▸ **Work to complete**
Nothing but the lines below from the one holding "Lessons About Life" up to and including the one holding "Brisket Feed Brisket And Tell Me I'm Pretty" should be copied, exactly and without pictures.

Start of Dataset

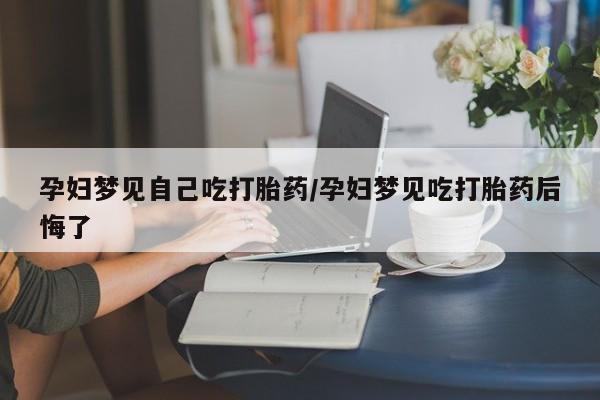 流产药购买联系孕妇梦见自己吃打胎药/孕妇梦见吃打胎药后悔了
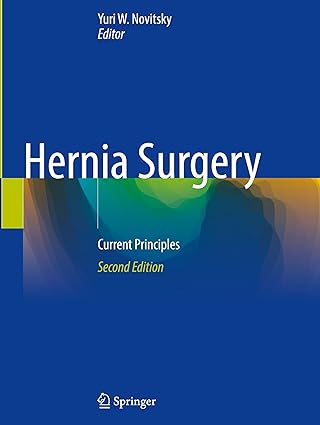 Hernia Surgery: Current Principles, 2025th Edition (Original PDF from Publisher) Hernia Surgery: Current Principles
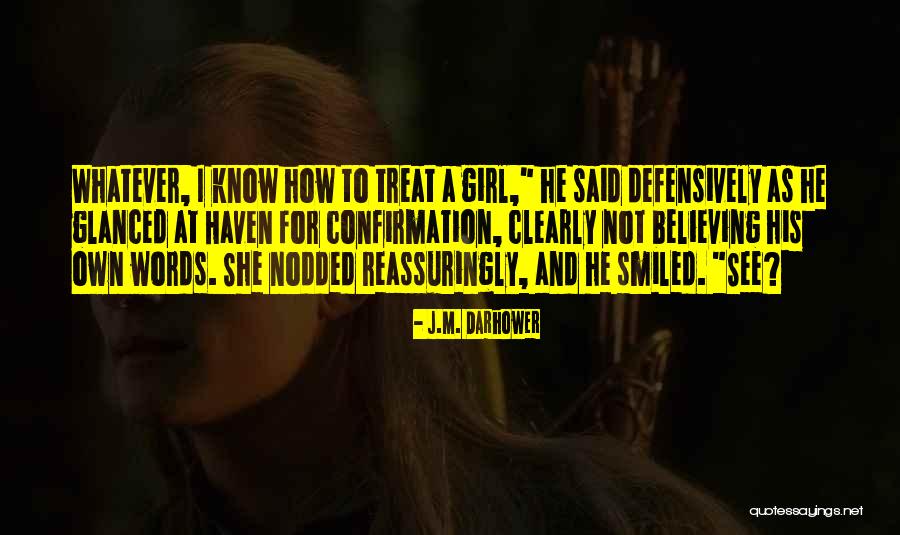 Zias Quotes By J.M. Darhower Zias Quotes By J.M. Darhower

End of Dataset
Start of Dataset

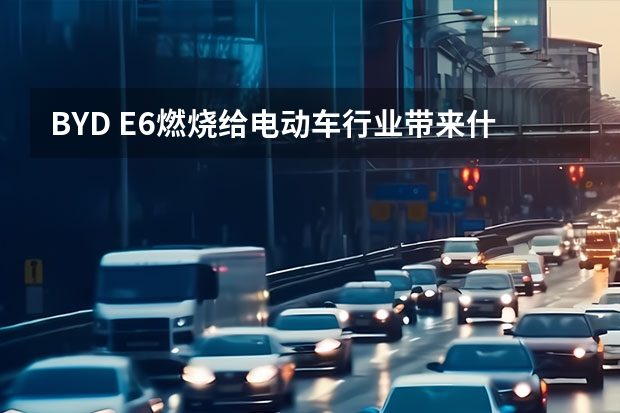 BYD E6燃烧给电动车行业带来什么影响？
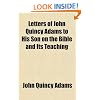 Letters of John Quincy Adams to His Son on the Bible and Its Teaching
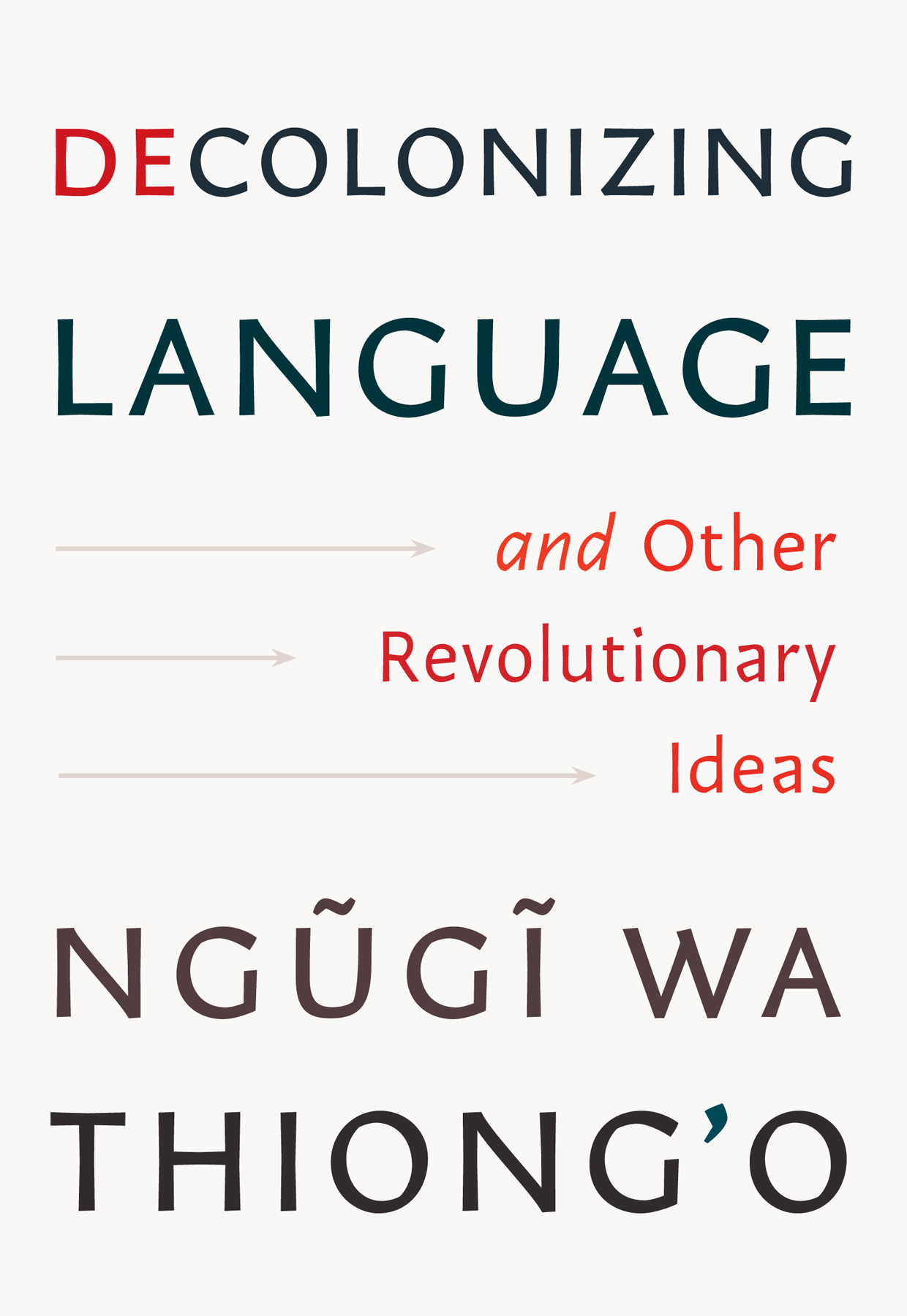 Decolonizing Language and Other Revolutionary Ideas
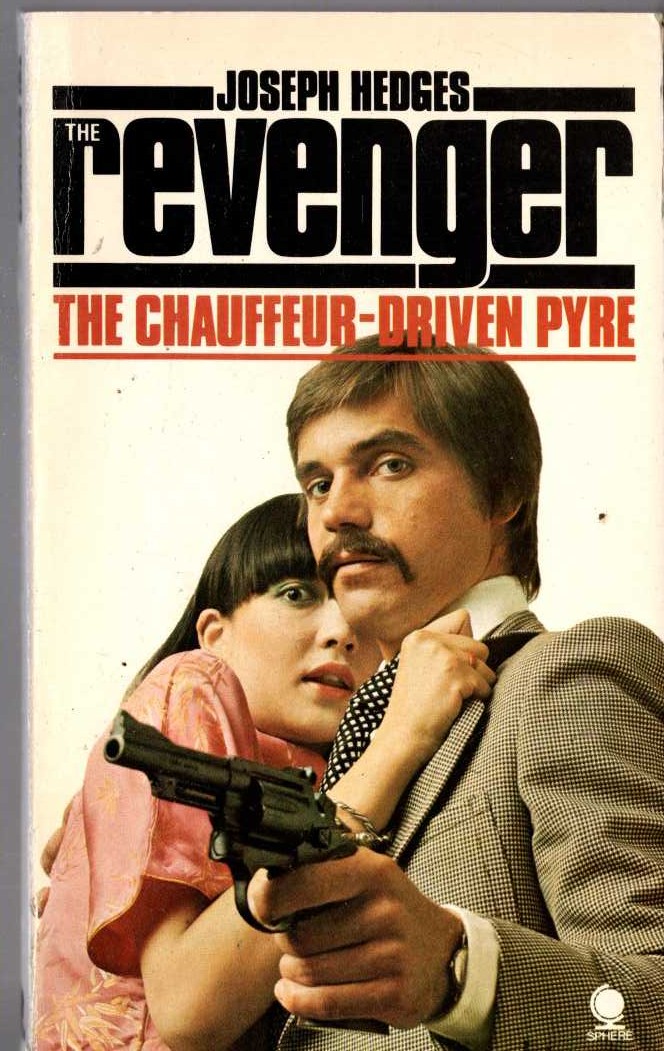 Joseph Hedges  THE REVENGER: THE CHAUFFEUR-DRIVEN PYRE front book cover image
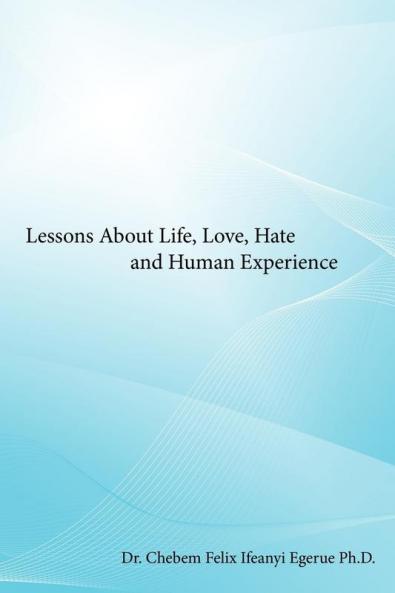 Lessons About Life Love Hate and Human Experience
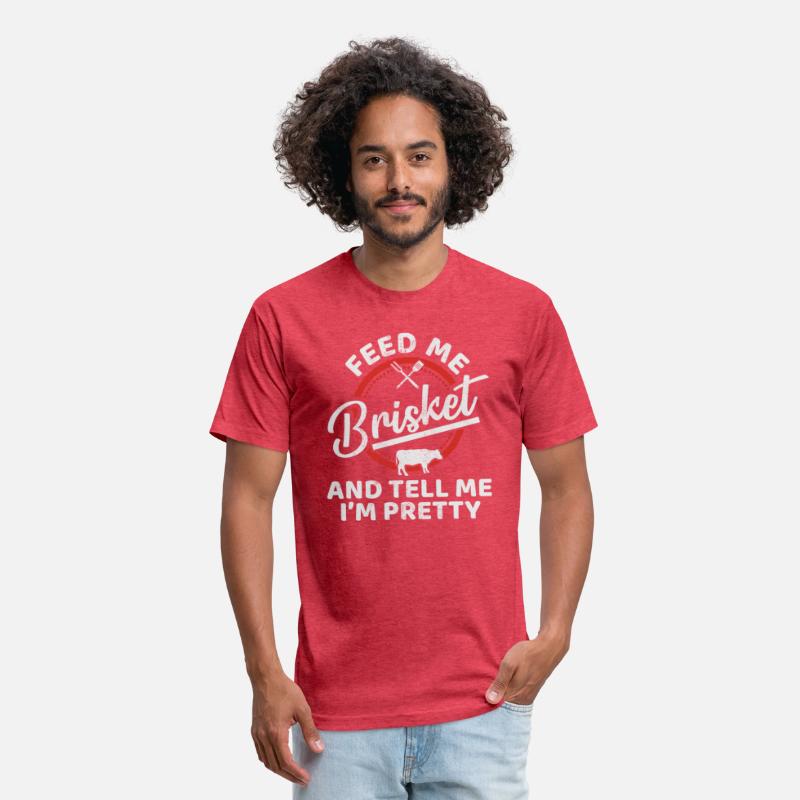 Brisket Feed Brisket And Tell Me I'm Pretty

End of Dataset

▸ **Answer section**
 Lessons About Life Love Hate and Human Experience
 Brisket Feed Brisket And Tell Me I'm Pretty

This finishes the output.